==== Task material

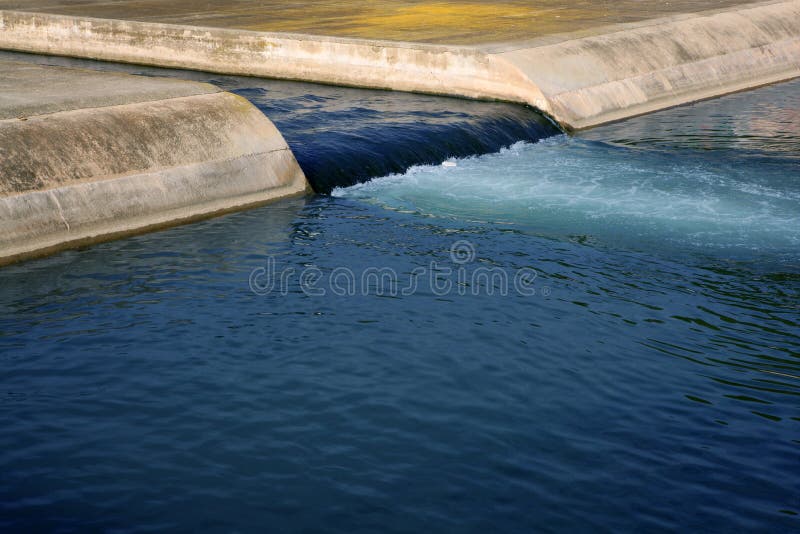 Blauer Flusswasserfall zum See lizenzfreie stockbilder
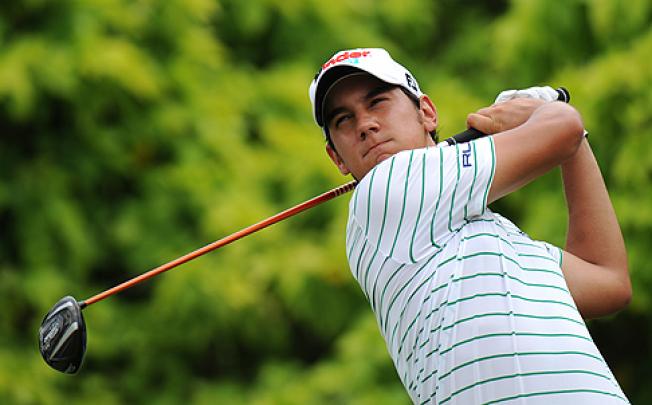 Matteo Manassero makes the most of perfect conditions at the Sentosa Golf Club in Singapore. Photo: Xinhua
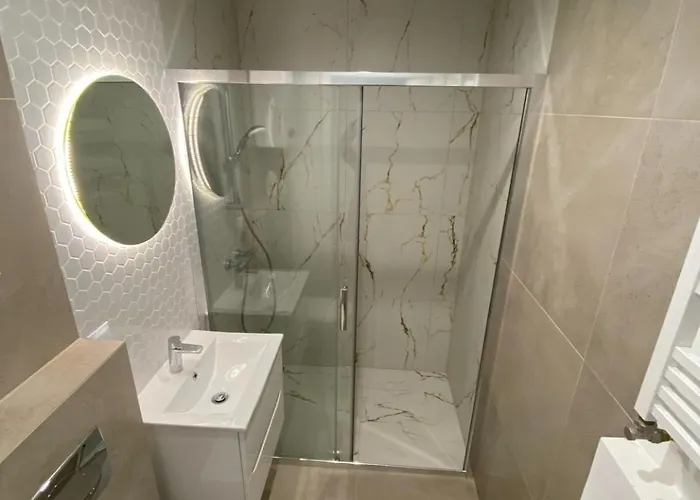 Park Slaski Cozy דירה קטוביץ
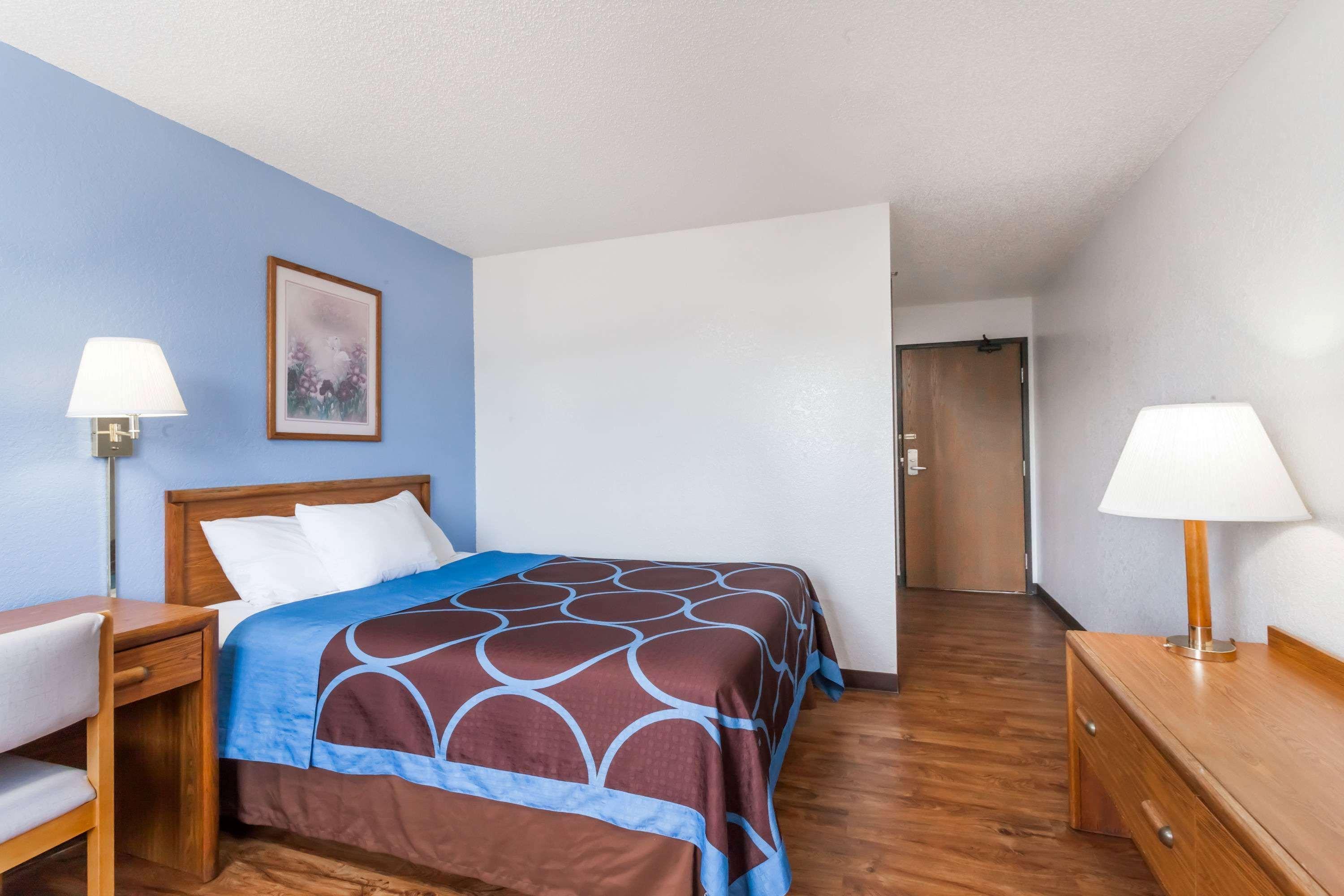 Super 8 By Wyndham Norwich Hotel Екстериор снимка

========
==== Task material

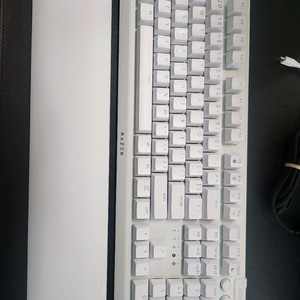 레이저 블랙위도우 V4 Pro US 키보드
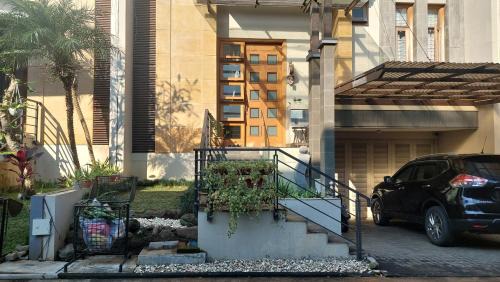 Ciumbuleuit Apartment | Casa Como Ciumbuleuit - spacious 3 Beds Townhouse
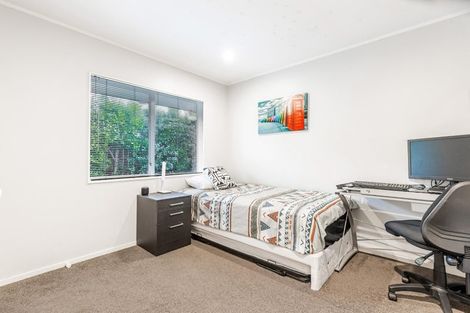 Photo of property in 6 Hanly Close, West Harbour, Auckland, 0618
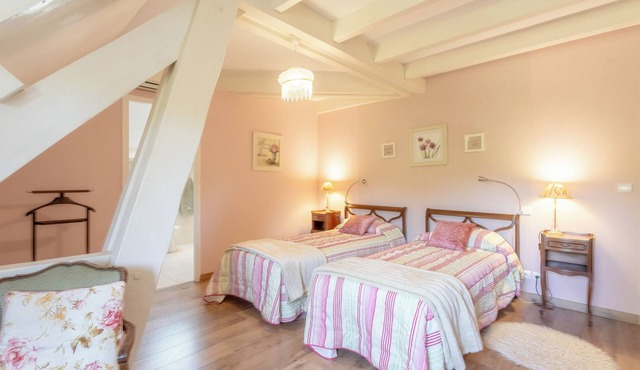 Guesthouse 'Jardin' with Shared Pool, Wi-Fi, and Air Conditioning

========

**What is being asked:** Give the lines above again exactly, from the one containing "Photo of property" to the one containing "Guesthouse 'Jardin' with", both included, but leave out the pictures.

**Reply:**
 Photo of property in 6 Hanly Close, West Harbour, Auckland, 0618
 Guesthouse 'Jardin' with Shared Pool, Wi-Fi, and Air Conditioning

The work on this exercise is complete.